Jean Epstein : un phare dans la tempête. Cinéaste de génie, alchimiste des éléments et de leurs innombrables mouvements le prodigieux fils prodigue de l'avant-garde du Septième Art accouche en 1948 d'un court métrage testamentaire d'un beauté morganatique sans précédent : Le Tempestaire, véritable chant du cygne pour son réalisateur. Un point d'orgue d'expérimentations en tous genres, redéfinissant à l'infini la notion de rythme et celle de la cinétique pure et dure : un poème mêlé d'écume et de vent, de ressac et de nuages brumeux. Un chef d'oeuvre d'hypnose.
Au même rang que Les travailleurs de la mer de Victor Hugo Le Tempestaire de Jean Epstein rejoint les grandes pièces artistiques concernant l'Océan et ses éléments, la fatalité chimique sous laquelle ploie inéluctablement l'homme, reléguant au second plan ses aspirations pour la conquête et l'exploration ; il s'agit bel et bien d'un authentique ananké des forces maritimes dans ce poème au goût prononcé pour le mysticisme et le légendaire, d'un petit bijou de cinéma plaçant très haut la puissance des images et celle du son.

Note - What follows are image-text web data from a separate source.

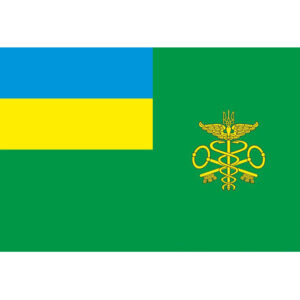 1898986538 flag tamozhennoj sluzhby 300x300 1 jpg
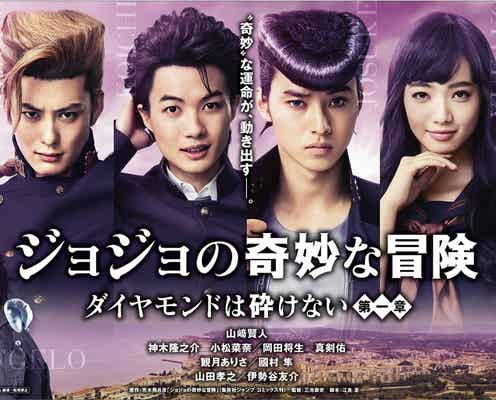山崎賢人の凄み収めた「ジョジョ」新映像 初公開ビジュアルも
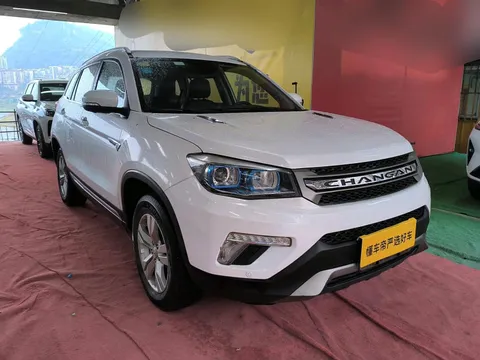 Changan CS75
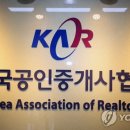 지방공인중개사사무소 이미지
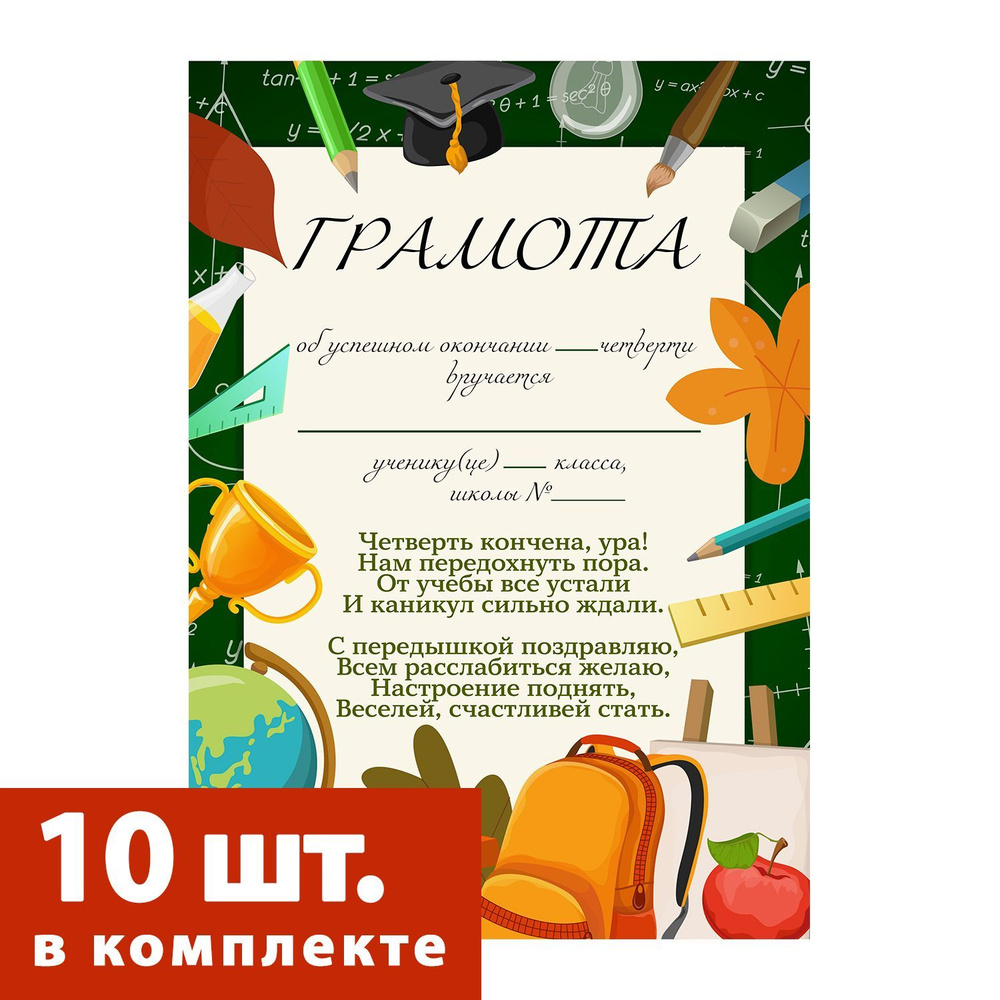 Грамота Ученику, формат А4, цвет зеленый, комплект 10 шт, VoloMar  #1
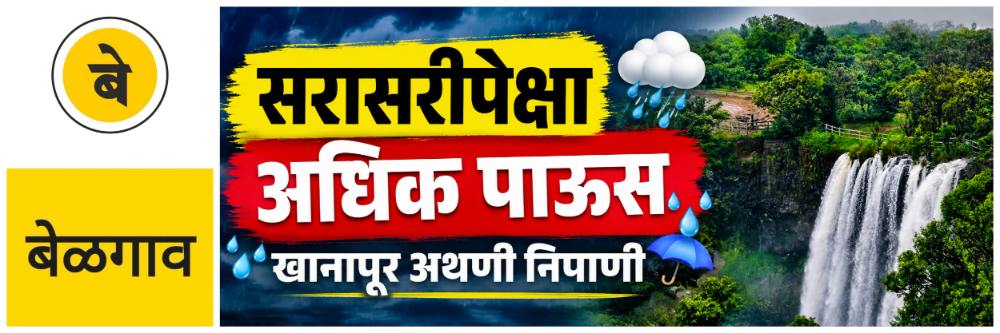 news_69799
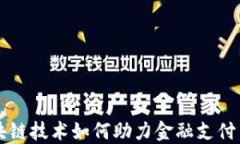 区块链技术如何助力金融支付革新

Prenant la forme d'un conte Le Tempestaire n'est rien de moins qu'un paradigme de montage et de photo-cinégénie. Epstein y pense chacun de ses plans par et pour leur durée et chacun de ses raccords, jouant de ses réminiscences et de ses recompositions temporelles à la manière des attractions des travaux de Serge Eisenstein et de Dziga Vertov ; il honore également l'héritage des débuts du cinématographe, reprenant les célèbres trucs du cinéma de Georges Méliès pour mieux leur insuffler sa propre identité artistique. En résulte un objet passionnant à contempler et/ou à étudier, capable aussi bien de s'adresser aux esthètes qu'aux exégètes : c'est sublime.